Wednesday, February 5, 2014
Representing Hood River Wrestling Club, Jason Shaner won his first state title over the weekend at the Oregon Wrestling Association’s Kids Collegiate State Championships. Shaner, a Hood River Middle School eighth-grader, went 4-0 to claim the title in the 120-pound schoolboy division of the tournament at Parkrose High School.
“He believes in himself and in the system we have; it’s exciting to watch him grow,” coach Sean Baker said of Shaner, a second-year wrestler. “I can’t wait to see what coach (Trent) Kroll can do with him in the next four years. He’s going to be someone to watch.”
Shaner won the first two rounds of the tournament with relative ease, picking up a technical-fall and a pin to advance to the semifinals.
“His semifinal match was a dogfight,” Baker said. “People said it was the best match of the tournament.”
Shaner won 11-9 in overtime to advance to the finals, where he faced another challenging opponent and battled to a narrow 11-9 win to claim the state title.

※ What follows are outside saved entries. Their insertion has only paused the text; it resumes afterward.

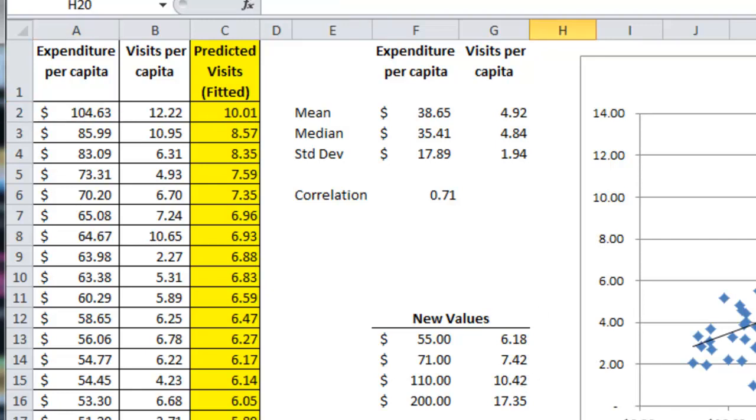So next time, in the next chapter, we'll be looking at multiple regression. Thanks for watching.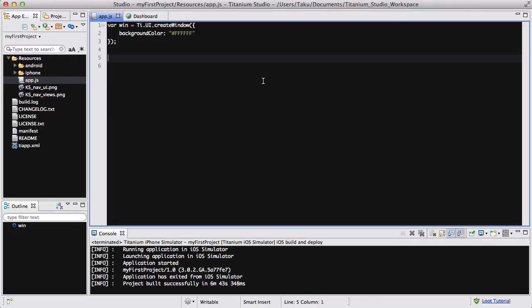Hey guys, we are continuing with our adding picker series for our Accelerator Titanium native iPhone slash Android app, and in this video we are going to be adding our date picker into our app.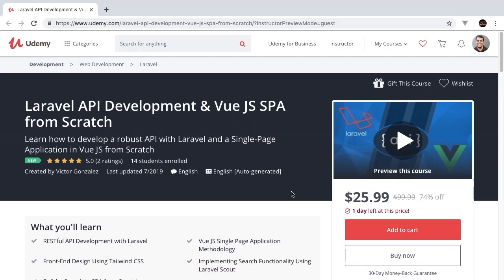Welcome to Laravel API development with Vue.js single page application from scratch. The following episode is going to be an excerpt from the full course now available on Udemy. If you're interested in developing robust Laravel APIs with a front end built on Vue and Tailwind CSS, then this is the course for you.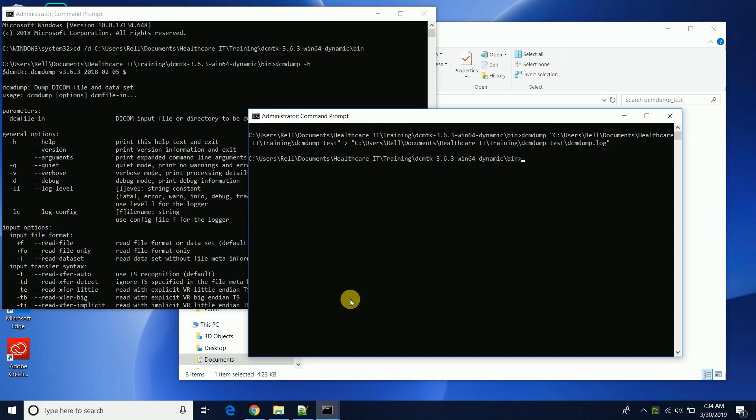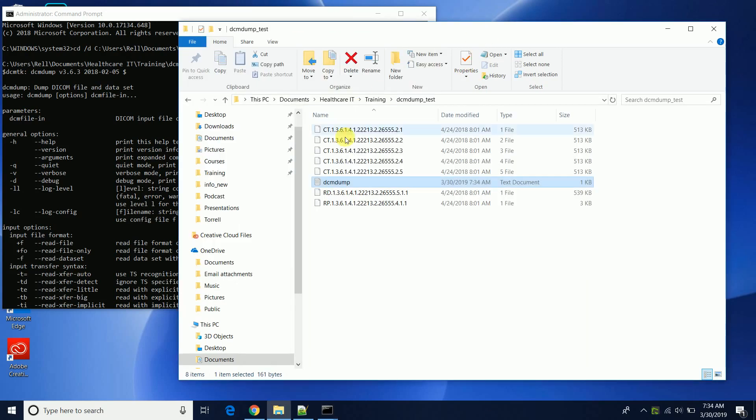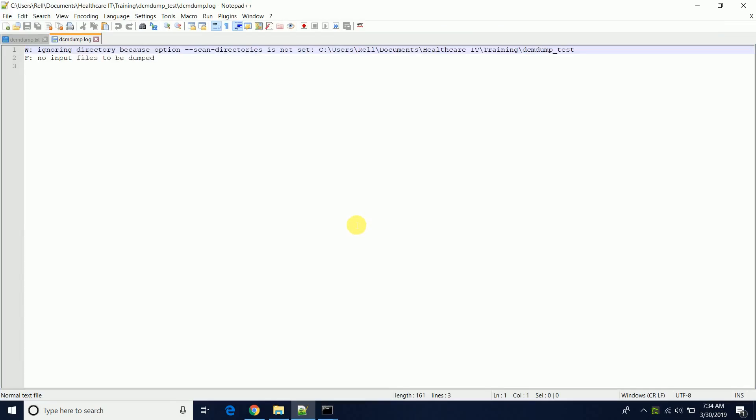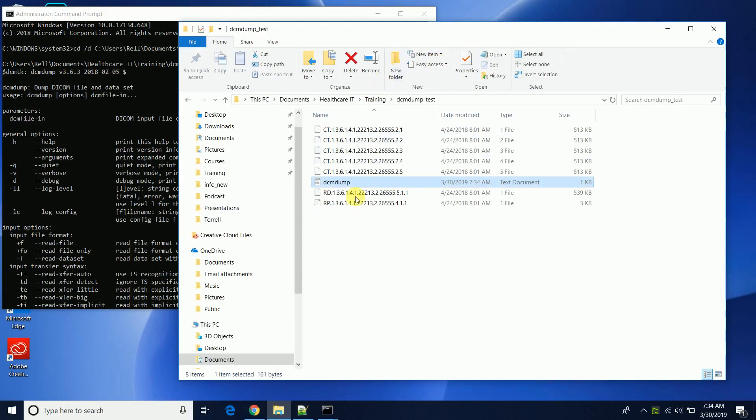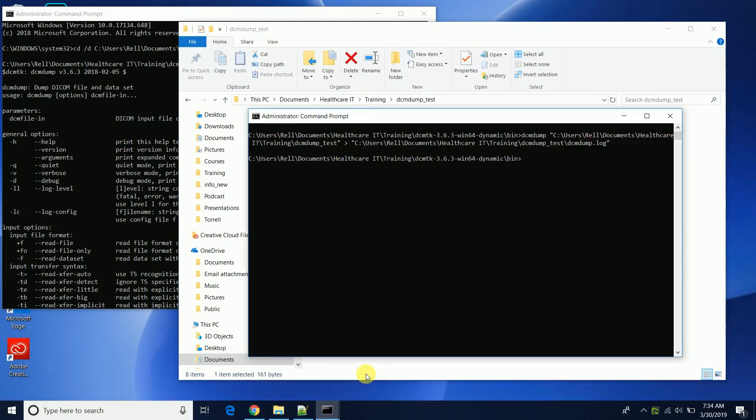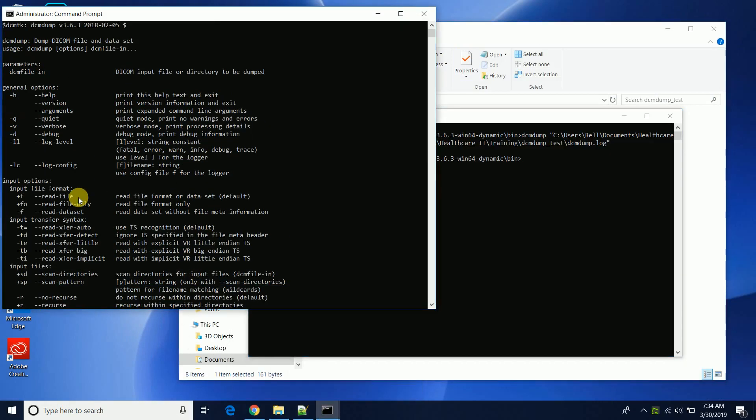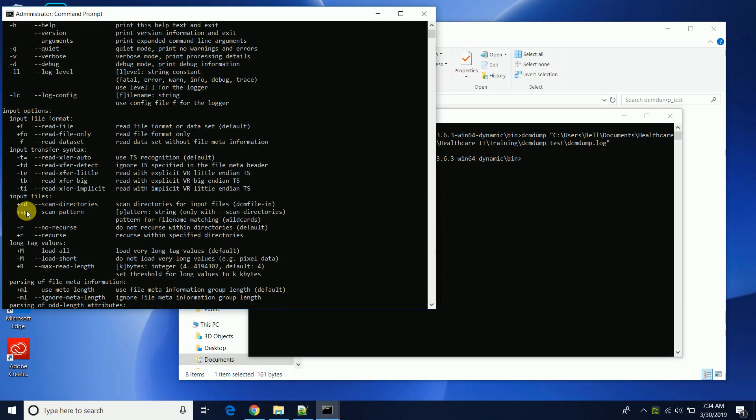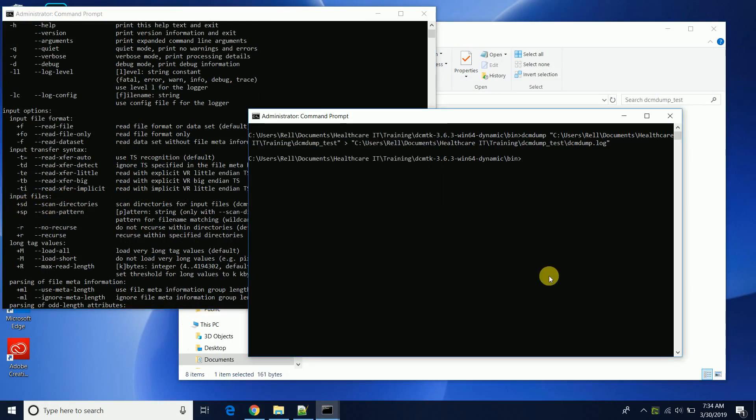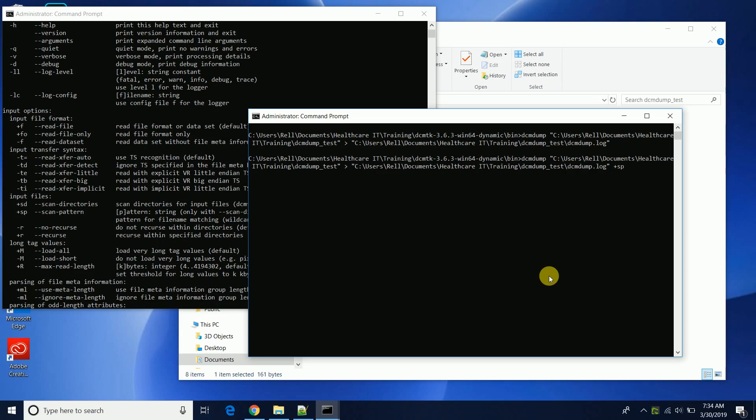Dump that to a file. And now if we come back and look at the contents, the file scan directories is not set, ignoring. So we need to add the option scan directories. If we come back here, we need to add the option scan directory. So scan directory.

Although competing for the Hood River Wrestling Club, Shaner also wrestlers for the HRMS program, which started early last month and runs through mid-March. He’s currently undefeated in middle school action with a 5-0 record and two tournament wins.
You can see Hood River and Wy’east middle school wrestlers in action at the following dates and locations:
Feb. 6, HRMS, Wy’east and Riverside at HRMS, 4:30 p.m.; Feb. 15, Home tournament, HRMS, Wy’east and more at HRVHS, starts at 9 a.m.; Feb. 27, The Dalles, HRMS, Sandy at Wy’east, 4:30 p.m.; March 5, Wy’east at HRMS, 4:30 p.m.
n Also representing Hood River Wrestling Club at the weekend tournament was Parkdale Elementary School kindergartener Tristen Baker, who finished third with a 4-1 record in the Peewee division.
Additionally, Hood River’s Noah Wachsmuth, representing Portland’s Cobra Wrestling Club, claimed a state title in the 84-pound schoolboy division and Ryan Zellar finished third in the 70-pound schoolboy bracket.
Wachsmuth is no stranger to finishing atop the podium; the young standout has won multiple state and national titles in the last few years; most recently of which was the 2013 USA Wrestling Kids National title over the summer.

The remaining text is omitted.